In the evening, Falklands veterans and other Argentinians entered the hotel lobby to confront the team. Clarkson later wrote he "had to hide under a bed for a mob howling for his blood". Local police then told the team they could not and would not give them any assistance, and in the hostile atmosphere the team decided to leave Argentina. Believing that the presenters were the main targets of the controversy, the crew decided to send Clarkson, May, Hammond and the women from the crew to Buenos Aires, while the rest would drive the cars and their equipment to the border into Chile. May later stated that, prior to flying back to Britain, he and the other presenters had assisted in planning possible airlifts if the journey to the border became too dangerous. The main Route 3, by which they had arrived in Rio Grande a day earlier, was closed to them because the ringway was filled with people, with "the mayor in front". They drove to the border at Radman by tertiary roads, about 250 km. In Tolhuin, after 100 km, the convoy was stopped by an intimidating crowd, who threw eggs, rocks, and sticks. The team decided to abandon the three show cars, and reached the border with Chile later that night. At 2 a.m., they had to find a tractor to ford the camera cars through the river border. Pictures show that the abandoned cars had been attacked and damaged with stones. The Porsche now bears the number plate "H1 VAE". However, over the years various humorous number plate changes had been made, for example referring to James May's age. Alternative number plates with the letters BE11 END for 'Bell End' were reportedly also discovered in the abandoned Porsche by the Argentinian authorities. Additionally the original dealer has stated that the production team were aware of the registration plate history before purchase.
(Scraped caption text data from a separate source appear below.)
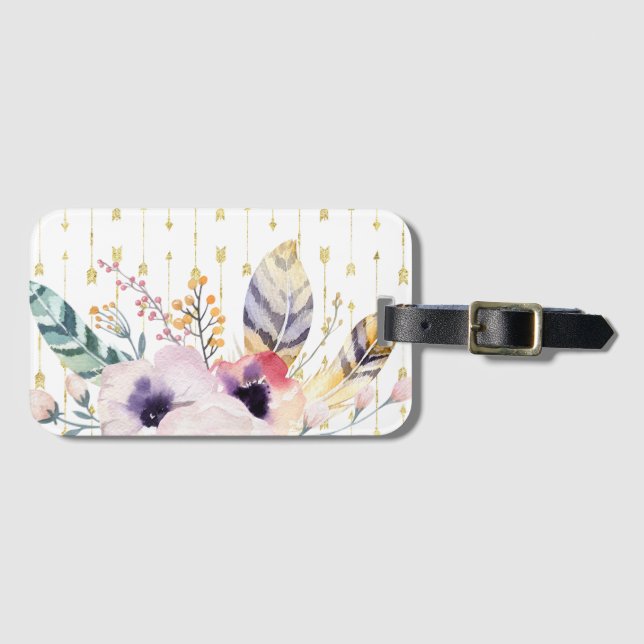 Boho Bouquet Luggage Tag (Front Horizontal)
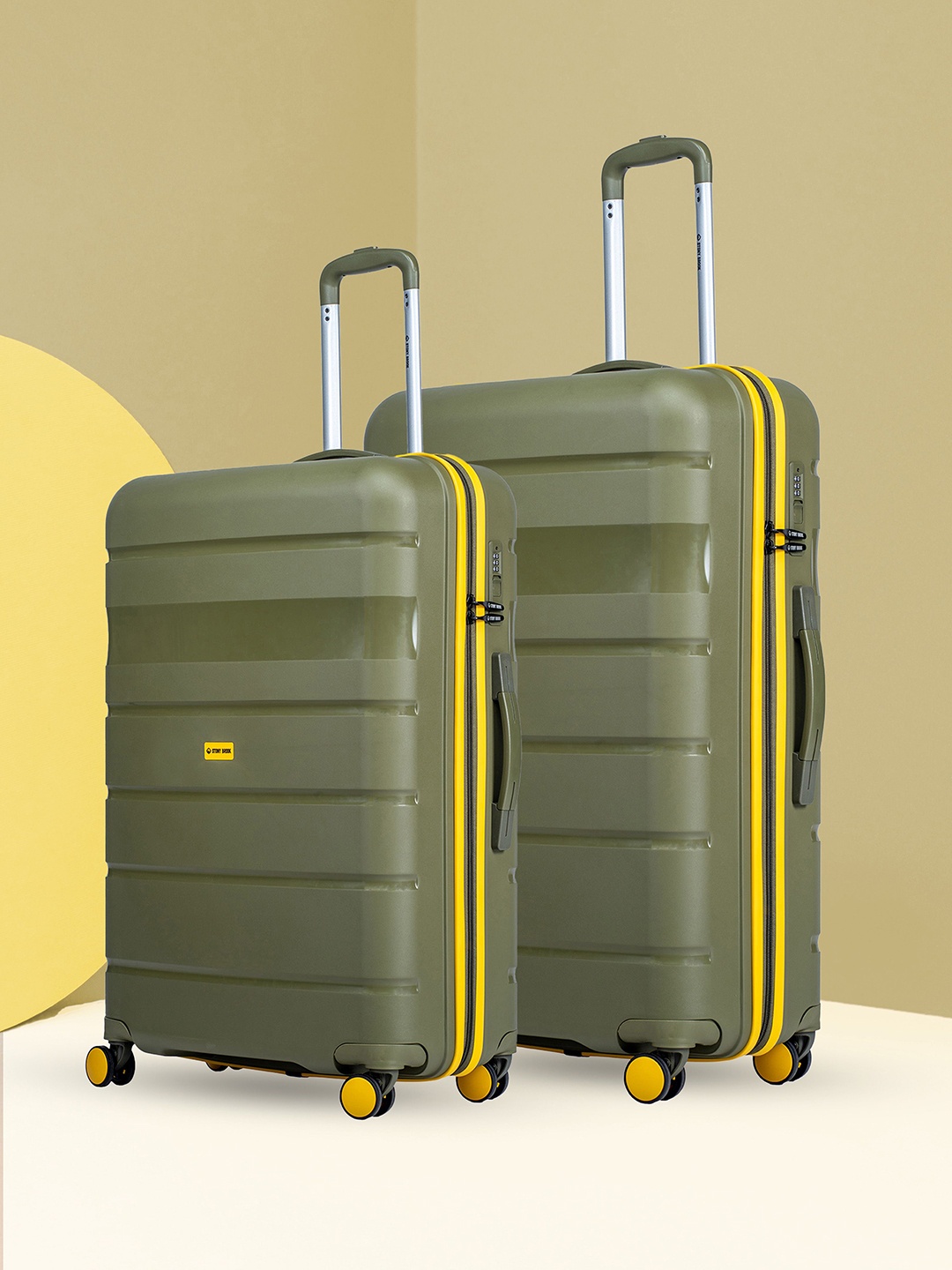 

Stony Brook by Nasher Miles Set Of 2 Textured Hard-Sided Large & Medium Trolley Suitcase, Olive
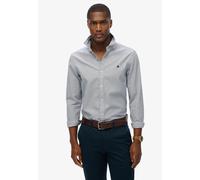 Langarmhemd SUPERDRY "CLASSIC OXFORD L/S SHIRT", Herren, Gr. L, N-Gr, needle ticking stripe, Web, Obermaterial: 100% Baumwolle, gestreift, regular fit, Hemden (89503933-L) needle ticking stripe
On 31 October 2014, it was announced that Argentine ambassador Alicia Castro met BBC Director of Television Danny Cohen to demand a formal apology, but the BBC refused to do so, making it clear that they intended to broadcast the special as a fair representation of the events that occurred. The Christmas Special, split into two parts, aired on 27 and 28 December 2014.

==Tesla Roadster review==
During episode seven of series 12, Clarkson presented a segment featuring the Tesla Roadster, including a test drive. The segment showed the car's provided batteries running flat after 88.5 km, with Clarkson claiming that the recharge would take 16 hours. Following this, he claimed that the car then broke down. A Tesla Motors spokesperson stated that the cars provided never reached less than 20% charge, none needed to be pushed off the track at any point, the recharge time was 3.5 hours, and the brake failure shown in the segment was actually a blown fuse. The BBC responded to these claims with a statement saying, "The tested Tesla was filmed being pushed into the shed in order to show what would happen if the Roadster had run out of charge. Top Gear stands by the findings in this film and is content that it offers a fair representation of the Tesla's performance on the day it was tested", without addressing the other concerns.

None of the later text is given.